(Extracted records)
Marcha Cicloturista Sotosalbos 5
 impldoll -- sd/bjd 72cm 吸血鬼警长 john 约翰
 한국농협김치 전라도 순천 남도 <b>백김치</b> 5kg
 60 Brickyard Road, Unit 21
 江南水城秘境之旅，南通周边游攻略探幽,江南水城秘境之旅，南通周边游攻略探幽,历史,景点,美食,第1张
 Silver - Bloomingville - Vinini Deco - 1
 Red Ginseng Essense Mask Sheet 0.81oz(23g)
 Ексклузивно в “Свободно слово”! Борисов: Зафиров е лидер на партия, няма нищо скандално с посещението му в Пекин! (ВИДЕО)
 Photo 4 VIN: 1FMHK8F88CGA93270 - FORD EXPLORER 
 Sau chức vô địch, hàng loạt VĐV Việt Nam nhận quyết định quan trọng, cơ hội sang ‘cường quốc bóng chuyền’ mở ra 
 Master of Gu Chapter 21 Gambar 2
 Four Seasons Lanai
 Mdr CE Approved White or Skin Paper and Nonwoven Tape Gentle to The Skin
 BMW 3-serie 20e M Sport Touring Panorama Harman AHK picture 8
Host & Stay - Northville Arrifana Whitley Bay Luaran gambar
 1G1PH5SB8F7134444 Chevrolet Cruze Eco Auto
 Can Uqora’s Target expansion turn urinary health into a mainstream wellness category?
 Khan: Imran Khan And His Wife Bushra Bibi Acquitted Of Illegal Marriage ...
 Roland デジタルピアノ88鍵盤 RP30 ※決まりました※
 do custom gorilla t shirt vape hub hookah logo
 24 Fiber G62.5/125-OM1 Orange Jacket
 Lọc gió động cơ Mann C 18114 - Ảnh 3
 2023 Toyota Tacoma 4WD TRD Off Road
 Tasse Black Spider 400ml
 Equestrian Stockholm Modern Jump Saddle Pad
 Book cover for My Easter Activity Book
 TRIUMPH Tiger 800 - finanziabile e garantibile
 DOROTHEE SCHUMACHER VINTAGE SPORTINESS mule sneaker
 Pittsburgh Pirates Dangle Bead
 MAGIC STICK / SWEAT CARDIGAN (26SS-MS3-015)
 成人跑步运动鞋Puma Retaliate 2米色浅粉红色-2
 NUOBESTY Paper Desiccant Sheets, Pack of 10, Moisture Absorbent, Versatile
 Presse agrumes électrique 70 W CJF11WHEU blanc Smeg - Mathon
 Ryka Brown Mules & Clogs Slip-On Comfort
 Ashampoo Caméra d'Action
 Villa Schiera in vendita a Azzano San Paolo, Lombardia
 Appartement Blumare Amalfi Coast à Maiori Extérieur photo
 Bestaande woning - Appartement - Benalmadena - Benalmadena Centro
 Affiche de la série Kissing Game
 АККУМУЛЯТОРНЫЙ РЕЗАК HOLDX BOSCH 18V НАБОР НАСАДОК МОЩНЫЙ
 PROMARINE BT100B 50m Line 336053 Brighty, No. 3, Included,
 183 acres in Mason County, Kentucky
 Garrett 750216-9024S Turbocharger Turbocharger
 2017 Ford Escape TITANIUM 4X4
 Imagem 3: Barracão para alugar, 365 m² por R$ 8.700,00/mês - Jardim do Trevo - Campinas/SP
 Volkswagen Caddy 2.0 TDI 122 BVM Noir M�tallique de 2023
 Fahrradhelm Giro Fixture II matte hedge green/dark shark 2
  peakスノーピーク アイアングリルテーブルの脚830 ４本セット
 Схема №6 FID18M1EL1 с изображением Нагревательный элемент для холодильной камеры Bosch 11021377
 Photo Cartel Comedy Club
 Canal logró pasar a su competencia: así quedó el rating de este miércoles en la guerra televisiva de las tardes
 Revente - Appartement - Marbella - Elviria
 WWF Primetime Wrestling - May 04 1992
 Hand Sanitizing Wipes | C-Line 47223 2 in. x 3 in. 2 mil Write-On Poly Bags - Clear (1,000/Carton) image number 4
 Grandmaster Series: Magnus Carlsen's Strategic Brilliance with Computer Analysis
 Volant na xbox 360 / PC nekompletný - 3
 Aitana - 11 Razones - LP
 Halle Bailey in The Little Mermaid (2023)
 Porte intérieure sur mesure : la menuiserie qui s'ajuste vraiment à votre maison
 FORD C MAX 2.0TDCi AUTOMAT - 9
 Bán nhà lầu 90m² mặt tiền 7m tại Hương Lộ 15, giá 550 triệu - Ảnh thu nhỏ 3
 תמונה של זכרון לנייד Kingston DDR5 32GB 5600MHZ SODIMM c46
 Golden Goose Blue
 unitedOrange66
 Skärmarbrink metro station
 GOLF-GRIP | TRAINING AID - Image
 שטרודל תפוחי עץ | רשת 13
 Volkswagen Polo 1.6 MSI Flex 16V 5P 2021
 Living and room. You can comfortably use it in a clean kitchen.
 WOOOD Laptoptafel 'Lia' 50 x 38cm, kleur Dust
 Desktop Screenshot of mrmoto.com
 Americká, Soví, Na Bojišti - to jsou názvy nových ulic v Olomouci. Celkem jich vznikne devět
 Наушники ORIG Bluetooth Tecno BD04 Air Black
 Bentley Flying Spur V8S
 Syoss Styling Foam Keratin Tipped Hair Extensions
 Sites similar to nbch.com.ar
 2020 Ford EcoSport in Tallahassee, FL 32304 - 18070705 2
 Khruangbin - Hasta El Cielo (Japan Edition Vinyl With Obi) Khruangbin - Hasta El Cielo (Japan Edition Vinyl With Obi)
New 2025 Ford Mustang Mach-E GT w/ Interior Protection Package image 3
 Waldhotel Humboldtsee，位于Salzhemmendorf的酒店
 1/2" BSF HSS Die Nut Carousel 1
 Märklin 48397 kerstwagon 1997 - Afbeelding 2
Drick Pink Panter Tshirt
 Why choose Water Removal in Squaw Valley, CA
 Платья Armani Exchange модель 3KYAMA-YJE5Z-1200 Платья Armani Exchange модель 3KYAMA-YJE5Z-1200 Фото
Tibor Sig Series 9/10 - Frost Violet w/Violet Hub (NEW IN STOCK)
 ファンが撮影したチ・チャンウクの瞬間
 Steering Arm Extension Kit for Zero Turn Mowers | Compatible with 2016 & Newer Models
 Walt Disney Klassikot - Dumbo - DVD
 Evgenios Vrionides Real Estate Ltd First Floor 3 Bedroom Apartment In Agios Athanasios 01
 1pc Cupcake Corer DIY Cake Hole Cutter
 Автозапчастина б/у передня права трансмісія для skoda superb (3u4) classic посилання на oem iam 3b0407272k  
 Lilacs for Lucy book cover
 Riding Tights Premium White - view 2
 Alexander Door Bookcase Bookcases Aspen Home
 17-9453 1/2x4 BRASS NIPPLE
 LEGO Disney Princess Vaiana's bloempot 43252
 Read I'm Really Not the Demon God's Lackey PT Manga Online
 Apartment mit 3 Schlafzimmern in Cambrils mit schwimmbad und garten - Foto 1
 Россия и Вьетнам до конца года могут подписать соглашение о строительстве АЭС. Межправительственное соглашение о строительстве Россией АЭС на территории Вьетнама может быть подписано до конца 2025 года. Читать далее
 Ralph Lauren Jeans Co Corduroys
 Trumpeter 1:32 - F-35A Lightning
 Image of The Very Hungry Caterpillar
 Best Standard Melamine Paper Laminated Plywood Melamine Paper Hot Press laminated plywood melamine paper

→ WHAT THE TASK REQUIRES: Reproduce the entries above in full by retyping them exactly.

→ OUTPUT BELOW:
Marcha Cicloturista Sotosalbos 5
 impldoll -- sd/bjd 72cm 吸血鬼警长 john 约翰
 한국농협김치 전라도 순천 남도 <b>백김치</b> 5kg
 60 Brickyard Road, Unit 21
 江南水城秘境之旅，南通周边游攻略探幽,江南水城秘境之旅，南通周边游攻略探幽,历史,景点,美食,第1张
 Silver - Bloomingville - Vinini Deco - 1
 Red Ginseng Essense Mask Sheet 0.81oz(23g)
 Ексклузивно в “Свободно слово”! Борисов: Зафиров е лидер на партия, няма нищо скандално с посещението му в Пекин! (ВИДЕО)
 Photo 4 VIN: 1FMHK8F88CGA93270 - FORD EXPLORER 
 Sau chức vô địch, hàng loạt VĐV Việt Nam nhận quyết định quan trọng, cơ hội sang ‘cường quốc bóng chuyền’ mở ra 
 Master of Gu Chapter 21 Gambar 2
 Four Seasons Lanai
 Mdr CE Approved White or Skin Paper and Nonwoven Tape Gentle to The Skin
 BMW 3-serie 20e M Sport Touring Panorama Harman AHK picture 8
Host & Stay - Northville Arrifana Whitley Bay Luaran gambar
 1G1PH5SB8F7134444 Chevrolet Cruze Eco Auto
 Can Uqora’s Target expansion turn urinary health into a mainstream wellness category?
 Khan: Imran Khan And His Wife Bushra Bibi Acquitted Of Illegal Marriage ...
 Roland デジタルピアノ88鍵盤 RP30 ※決まりました※
 do custom gorilla t shirt vape hub hookah logo
 24 Fiber G62.5/125-OM1 Orange Jacket
 Lọc gió động cơ Mann C 18114 - Ảnh 3
 2023 Toyota Tacoma 4WD TRD Off Road
 Tasse Black Spider 400ml
 Equestrian Stockholm Modern Jump Saddle Pad
 Book cover for My Easter Activity Book
 TRIUMPH Tiger 800 - finanziabile e garantibile
 DOROTHEE SCHUMACHER VINTAGE SPORTINESS mule sneaker
 Pittsburgh Pirates Dangle Bead
 MAGIC STICK / SWEAT CARDIGAN (26SS-MS3-015)
 成人跑步运动鞋Puma Retaliate 2米色浅粉红色-2
 NUOBESTY Paper Desiccant Sheets, Pack of 10, Moisture Absorbent, Versatile
 Presse agrumes électrique 70 W CJF11WHEU blanc Smeg - Mathon
 Ryka Brown Mules & Clogs Slip-On Comfort
 Ashampoo Caméra d'Action
 Villa Schiera in vendita a Azzano San Paolo, Lombardia
 Appartement Blumare Amalfi Coast à Maiori Extérieur photo
 Bestaande woning - Appartement - Benalmadena - Benalmadena Centro
 Affiche de la série Kissing Game
 АККУМУЛЯТОРНЫЙ РЕЗАК HOLDX BOSCH 18V НАБОР НАСАДОК МОЩНЫЙ
 PROMARINE BT100B 50m Line 336053 Brighty, No. 3, Included,
 183 acres in Mason County, Kentucky
 Garrett 750216-9024S Turbocharger Turbocharger
 2017 Ford Escape TITANIUM 4X4
 Imagem 3: Barracão para alugar, 365 m² por R$ 8.700,00/mês - Jardim do Trevo - Campinas/SP
 Volkswagen Caddy 2.0 TDI 122 BVM Noir M�tallique de 2023
 Fahrradhelm Giro Fixture II matte hedge green/dark shark 2
  peakスノーピーク アイアングリルテーブルの脚830 ４本セット
 Схема №6 FID18M1EL1 с изображением Нагревательный элемент для холодильной камеры Bosch 11021377
 Photo Cartel Comedy Club
 Canal logró pasar a su competencia: así quedó el rating de este miércoles en la guerra televisiva de las tardes
 Revente - Appartement - Marbella - Elviria
 WWF Primetime Wrestling - May 04 1992
 Hand Sanitizing Wipes | C-Line 47223 2 in. x 3 in. 2 mil Write-On Poly Bags - Clear (1,000/Carton) image number 4
 Grandmaster Series: Magnus Carlsen's Strategic Brilliance with Computer Analysis
 Volant na xbox 360 / PC nekompletný - 3
 Aitana - 11 Razones - LP
 Halle Bailey in The Little Mermaid (2023)
 Porte intérieure sur mesure : la menuiserie qui s'ajuste vraiment à votre maison
 FORD C MAX 2.0TDCi AUTOMAT - 9
 Bán nhà lầu 90m² mặt tiền 7m tại Hương Lộ 15, giá 550 triệu - Ảnh thu nhỏ 3
 תמונה של זכרון לנייד Kingston DDR5 32GB 5600MHZ SODIMM c46
 Golden Goose Blue
 unitedOrange66
 Skärmarbrink metro station
 GOLF-GRIP | TRAINING AID - Image
 שטרודל תפוחי עץ | רשת 13
 Volkswagen Polo 1.6 MSI Flex 16V 5P 2021
 Living and room. You can comfortably use it in a clean kitchen.
 WOOOD Laptoptafel 'Lia' 50 x 38cm, kleur Dust
 Desktop Screenshot of mrmoto.com
 Americká, Soví, Na Bojišti - to jsou názvy nových ulic v Olomouci. Celkem jich vznikne devět
 Наушники ORIG Bluetooth Tecno BD04 Air Black
 Bentley Flying Spur V8S
 Syoss Styling Foam Keratin Tipped Hair Extensions
 Sites similar to nbch.com.ar
 2020 Ford EcoSport in Tallahassee, FL 32304 - 18070705 2
 Khruangbin - Hasta El Cielo (Japan Edition Vinyl With Obi) Khruangbin - Hasta El Cielo (Japan Edition Vinyl With Obi)
New 2025 Ford Mustang Mach-E GT w/ Interior Protection Package image 3
 Waldhotel Humboldtsee，位于Salzhemmendorf的酒店
 1/2" BSF HSS Die Nut Carousel 1
 Märklin 48397 kerstwagon 1997 - Afbeelding 2
Drick Pink Panter Tshirt
 Why choose Water Removal in Squaw Valley, CA
 Платья Armani Exchange модель 3KYAMA-YJE5Z-1200 Платья Armani Exchange модель 3KYAMA-YJE5Z-1200 Фото
Tibor Sig Series 9/10 - Frost Violet w/Violet Hub (NEW IN STOCK)
 ファンが撮影したチ・チャンウクの瞬間
 Steering Arm Extension Kit for Zero Turn Mowers | Compatible with 2016 & Newer Models
 Walt Disney Klassikot - Dumbo - DVD
 Evgenios Vrionides Real Estate Ltd First Floor 3 Bedroom Apartment In Agios Athanasios 01
 1pc Cupcake Corer DIY Cake Hole Cutter
 Автозапчастина б/у передня права трансмісія для skoda superb (3u4) classic посилання на oem iam 3b0407272k  
 Lilacs for Lucy book cover
 Riding Tights Premium White - view 2
 Alexander Door Bookcase Bookcases Aspen Home
 17-9453 1/2x4 BRASS NIPPLE
 LEGO Disney Princess Vaiana's bloempot 43252
 Read I'm Really Not the Demon God's Lackey PT Manga Online
 Apartment mit 3 Schlafzimmern in Cambrils mit schwimmbad und garten - Foto 1
 Россия и Вьетнам до конца года могут подписать соглашение о строительстве АЭС. Межправительственное соглашение о строительстве Россией АЭС на территории Вьетнама может быть подписано до конца 2025 года. Читать далее
 Ralph Lauren Jeans Co Corduroys
 Trumpeter 1:32 - F-35A Lightning
 Image of The Very Hungry Caterpillar
 Best Standard Melamine Paper Laminated Plywood Melamine Paper Hot Press laminated plywood melamine paper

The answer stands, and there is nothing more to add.